L’idea iniziale di questa istituzione è che i bambini con sofferenze psichiche non sono dei disabili ai quali manca qualcosa per essere come gli altri. Al contrario, al Courtil, ogni bambino viene considerato dagli operatori sociali della struttura prima di tutto come un enigma, un soggetto che possiede una struttura mentale singolare, cioè una maniera originale di percepire se stesso, di pensare il mondo e di rapportarsi all’altro. Gli operatori, abbandonando ogni pregiudizio e ogni sapere prestabilito, cercano di capire la peculiarità di ogni bambino per poter aiutare ciascuno di loro a inventare la propria soluzione, quella che potrà permettergli di trovare il suo posto nel mondo e viverci serenamente.
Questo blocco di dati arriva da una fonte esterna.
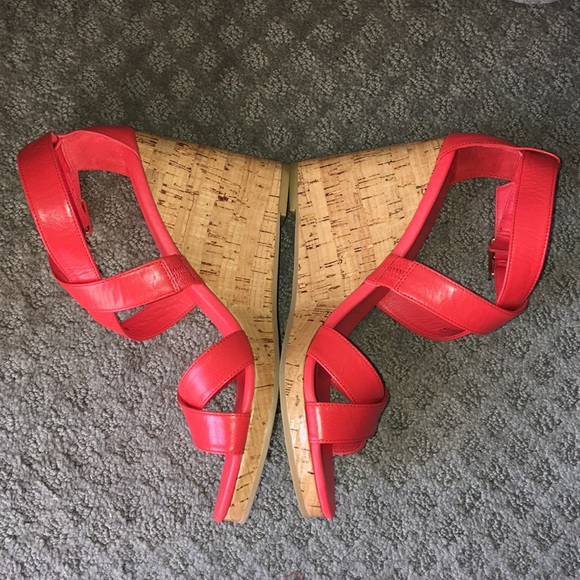 Cole Haan - Picture 4 of 8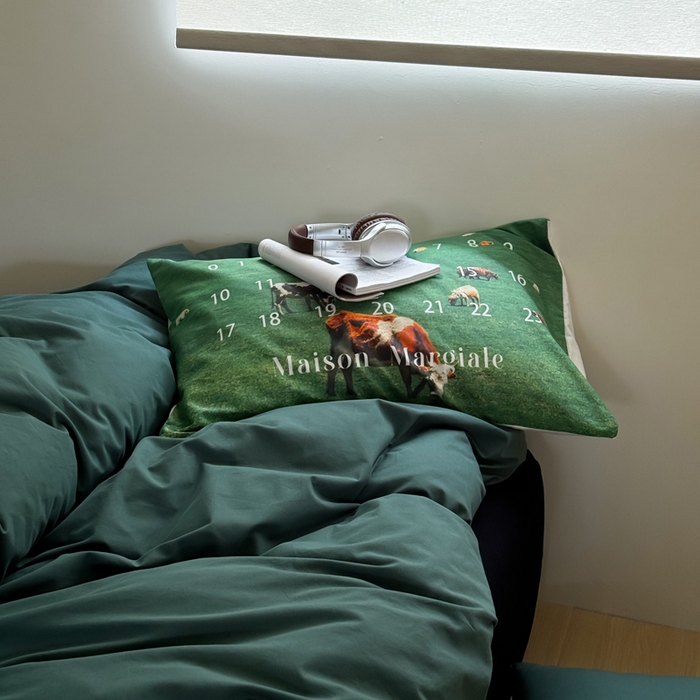 91家纺网 家纺一手货源 找家纺 艾沁家纺 2024新款简约风全棉色织水洗棉混搭四件套 墨绿+黑（墨绿+印花枕）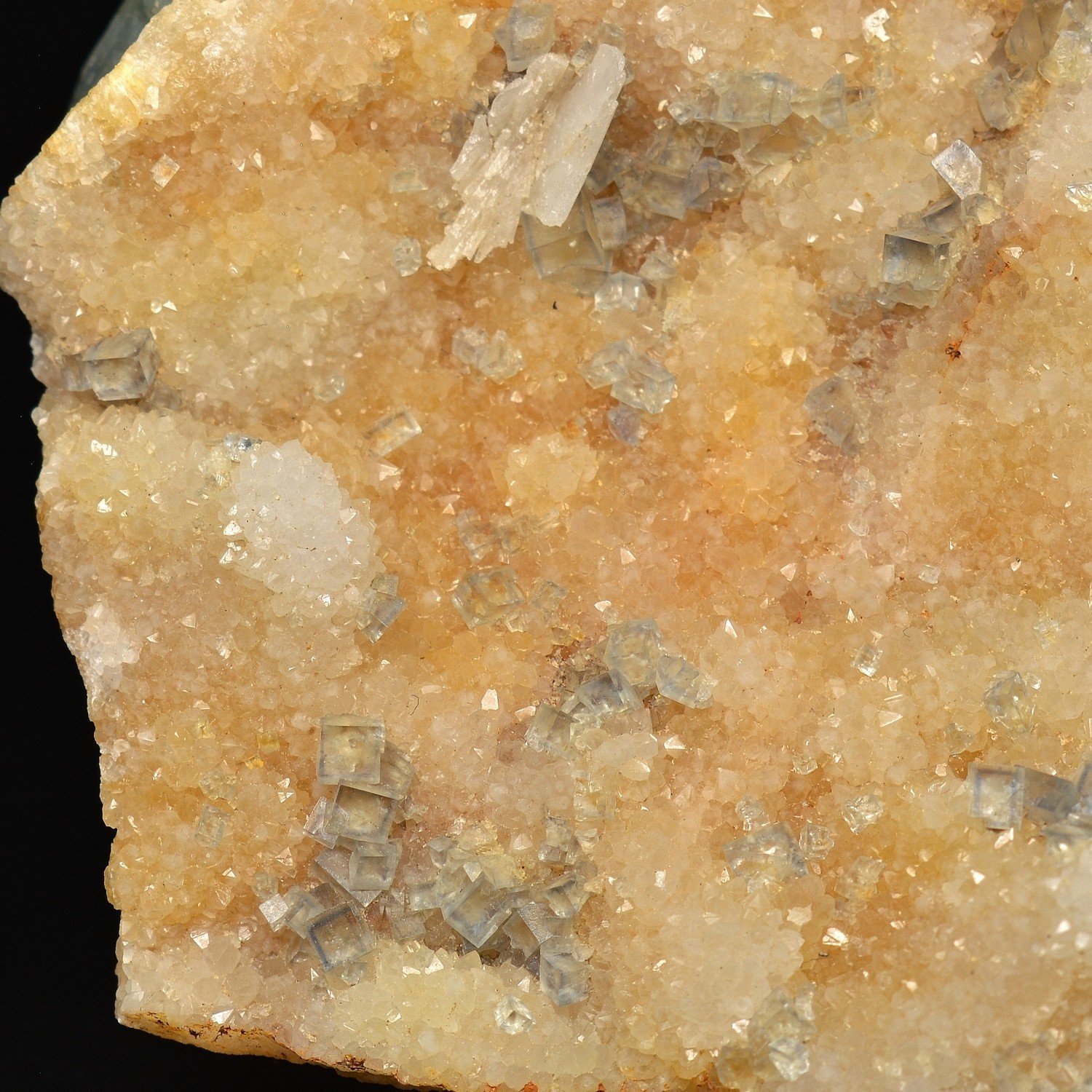 Fluorite - La Barre Mine, Puy-de-Dôme, France Fluorite - La Barre Mine, Puy-de-Dôme, France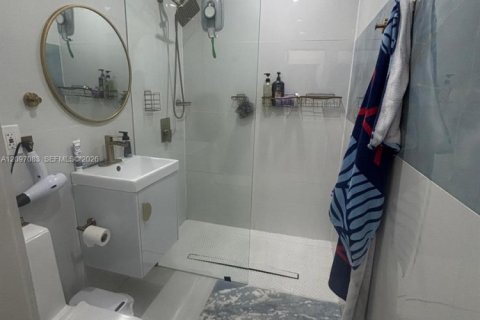 Villa ou maison à louer à Miami, Floride: 1 chambre, 192.49 m2 № 2389557 - photo 12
In questo modo, ho incontrato quindi una maniera straordinaria di pensare e di vivere con la follia e un’istituzione che mette al centro del suo lavoro l’individuo e la sua peculiarità.
Più in generale, ho riscontrato un modo di accostarsi all’altro che mi ha intimamente toccato e che, lo spero, attraversa il film da cima a fondo: qualunque sia l’altro, esso deve prima di tutto essere visto come un mistero senza eguali.»

LE RIPRESE
«Nonostante i sopralluoghi durati quasi un anno, quello che vi avevo visto, le storie sui bambini che mi avevano raccontato; nel momento in cui ho cominciato le riprese, non avevo fatto molti passi avanti sui possibili « scenari ». Tutto sarebbe stato inevitabilmente diverso. In un luogo come le Courtil, dove ad essere al centro dell’attenzione sono l’individuo e le sue invenzioni, le storie di ogni bambino sono imprevedibili. Per di più, l’importanza degli avvenimenti si coglie, si valuta bene dopo che questi si sono verificati, nell’ottica dell’evoluzione del bambino, cioè « a posteriori » .
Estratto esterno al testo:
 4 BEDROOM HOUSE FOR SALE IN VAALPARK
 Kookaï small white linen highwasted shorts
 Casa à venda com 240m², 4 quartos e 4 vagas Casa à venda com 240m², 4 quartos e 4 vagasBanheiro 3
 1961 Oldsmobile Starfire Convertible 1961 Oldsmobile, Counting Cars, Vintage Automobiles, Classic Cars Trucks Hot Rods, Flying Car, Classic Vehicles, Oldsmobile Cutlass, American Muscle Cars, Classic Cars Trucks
Al Courtil si può dire che le storie si scrivano a ritroso. Il che è sicuramente disorientante ... persino vertiginoso. Certamente durante i miei sopralluoghi avevo affinato il mio sguardo, vedevo meglio di quando ero appena arrivata al Courtil. Ma la mia capacità di fare delle previsioni si fermava lì. Avevo una piccola lunghezza di vantaggio sugli avvenimenti che mi avrebbe permesso di filmarli più o meno precisamente, ma non potevo prevedere oltre.
Ho fatto tre mesi di riprese in una concentrazione assoluta, con la cinepresa attaccata a me otto ore al giorno e la sensazione che ogni istante potesse essere prezioso.
Per riuscire a filmare bene le scene, dovevo dimenticare i miei riferimenti abituali che mi permettono di misurare l’importanza di un avvenimento e quello che vi si rappresenta. Al Courtil questi riferimenti non erano necessariamente giusti e avrebbero potuto farmi sfuggire l’essenziale. Per conservare questa acutezza di sguardo, per essere giusta nella ripresa di ogni scena, dovevo essere quotidianamente presente accanto ai bambini e agli operatori. Non riprendevo tutto, ma restavo sempre con loro, sul chi vive.
Man mano che riprendevo, percepivo l’importanza di alcune scene che completavo allora con altre scene, le quali a loro volta assumevano un’importanza diversa la settimana dopo. In realtà usai una modalità di ripresa atipica, appassionante e molto diversa da tutto ciò che avevo potuto sperimentare fino a quel momento.

I BAMBINI E LA CINEPRESA
« Per quanto riguarda i bambini, sapevo da prima di cominciare le riprese che la loro relazione con la cinepresa sarebbe stata molto particolare, in linea con la loro maniera di relazionarsi all’altro, al corpo e al mondo.
Proprio perché sapevo che la loro relazione con la cinepresa, cioè con lo sguardo, poteva essere centrale, ho scelto, nelle scene con i bambini, di lavorare sola, senza il mio ingegnere del suono. Ho deciso di portare la cinepresa legata al mio corpo grazie ad un sistema di imbracatura leggero e flessibile, ero diventata un corpo-cinepresa. E anche quando non filmavo, indossavo tutto l’armamentario.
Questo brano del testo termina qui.